It seemed only natural, at the time, that this new weekly link to Doctor Who past and future should come from Marvel. The Marvel universe was my third-favourite mythology. Throughout the '70s, my cousin had read everything from Spider-Man to the much-undervalued Warlock, and had kept older oddities like the Marvel series based on 2001: A Space Odyssey (drawn by Kirby, one issue concluding with the fabulous caption "NEXT: VIRA THE SHE-DEMON!", something that surely would have been featured in the movie if Kubrick had thought of it). He'd taught me the canon without really intending to. I've never read a comic that features Annihilus, but I know exactly who he is and what he did to earn that manner of Villain Name. I went with Steven to meet Stan Lee at the Roundhouse in London, in... ohhh, 1976 or thereabouts. The Roundhouse staff had plastered the restaurant area with pages from Marvel back-issues, just as I'd plastered my own bedroom with pages from The Doctor Who Monster Book, heavily-muscled butterflies pinned to walls that sweated grease. I remember being fascinated by this, far more than by the weird man with the moustache who talked to my cousin for a bit and may have signed something.

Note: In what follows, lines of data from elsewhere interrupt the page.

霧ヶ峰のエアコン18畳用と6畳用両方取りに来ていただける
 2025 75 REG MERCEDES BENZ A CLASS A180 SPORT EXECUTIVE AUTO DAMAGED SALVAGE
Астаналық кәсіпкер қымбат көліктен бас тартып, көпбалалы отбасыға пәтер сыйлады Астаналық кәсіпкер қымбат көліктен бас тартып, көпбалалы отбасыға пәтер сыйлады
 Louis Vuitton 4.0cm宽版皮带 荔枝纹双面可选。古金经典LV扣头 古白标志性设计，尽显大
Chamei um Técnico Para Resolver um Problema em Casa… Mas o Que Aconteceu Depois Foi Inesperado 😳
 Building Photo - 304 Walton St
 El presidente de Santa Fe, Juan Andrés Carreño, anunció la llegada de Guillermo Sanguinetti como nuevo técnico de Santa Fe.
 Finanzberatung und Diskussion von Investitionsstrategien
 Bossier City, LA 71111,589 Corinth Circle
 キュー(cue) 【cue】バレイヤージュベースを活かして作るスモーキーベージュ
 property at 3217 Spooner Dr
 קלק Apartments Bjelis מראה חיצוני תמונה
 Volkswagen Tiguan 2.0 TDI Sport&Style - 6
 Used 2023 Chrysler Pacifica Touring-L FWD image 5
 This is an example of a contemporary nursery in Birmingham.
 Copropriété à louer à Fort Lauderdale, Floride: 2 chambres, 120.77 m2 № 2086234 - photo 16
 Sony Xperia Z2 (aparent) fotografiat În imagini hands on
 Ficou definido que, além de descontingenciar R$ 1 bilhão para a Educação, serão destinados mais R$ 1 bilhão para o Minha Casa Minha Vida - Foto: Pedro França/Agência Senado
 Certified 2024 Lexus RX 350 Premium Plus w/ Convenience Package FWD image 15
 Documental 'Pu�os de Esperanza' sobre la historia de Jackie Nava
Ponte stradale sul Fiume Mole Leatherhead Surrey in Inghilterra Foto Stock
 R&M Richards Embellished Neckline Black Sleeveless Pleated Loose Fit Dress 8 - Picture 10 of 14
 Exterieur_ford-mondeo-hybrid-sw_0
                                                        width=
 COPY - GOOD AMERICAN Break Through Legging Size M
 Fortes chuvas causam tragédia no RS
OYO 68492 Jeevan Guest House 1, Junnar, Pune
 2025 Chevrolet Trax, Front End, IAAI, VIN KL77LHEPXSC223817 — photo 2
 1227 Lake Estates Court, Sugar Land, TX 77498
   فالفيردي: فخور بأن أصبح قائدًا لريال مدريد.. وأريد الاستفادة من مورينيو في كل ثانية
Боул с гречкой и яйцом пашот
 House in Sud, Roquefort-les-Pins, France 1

A shared universe. An ever-growing pantheon. Did my cousin teach me that, deliberately or otherwise? Was my own internal Doctor Who pounded into shape by the mighty fist of Marvel (Excelsior!), or specifically by stories like "The Iron Legion", "City of the Damned", "Time Witch", "The Dogs of Doom", and - most interesting of all, since it not only understood the nature of Doctor Who far better than the programme's lead actor did, but even resembles the 2005 version if you can imagine it updated with mobile 'phones and a token reference to Chavs - "Star Beast"?

Steven also taught me how to program computers. This has proved a worthless skill in itself, since computers in our epoch don't like being programmed directly, and their complexity relies on strata of pre-existing code to which I've never been formally introduced. Programming is, however, a worthwhile lesson in logic. Not enough logic to stop me having my suspicions, mind: his first, middle, and surnme each have six letters, he was born on the sixth day of the sixth month, and he refused to let me check his scalp for the tell-tale birthmark after I'd seen The Omen. Now he has his PhD in Artificial Intelligence, he may still prove to be the Anti-Christ by building Anti-God. In which case, fair play to him. One of my twelve historical fragments still regards him with some resentment, since members of my family have long used him as the yardstick by which to measure my own development, and I definitely couldn't build a computer by the time of "Remembrance of the Daleks". But overthrowing the natural order of creation would be a significant result for him.

And he taught me about Dr Octopus. That's as important as your dad showing you how to shave.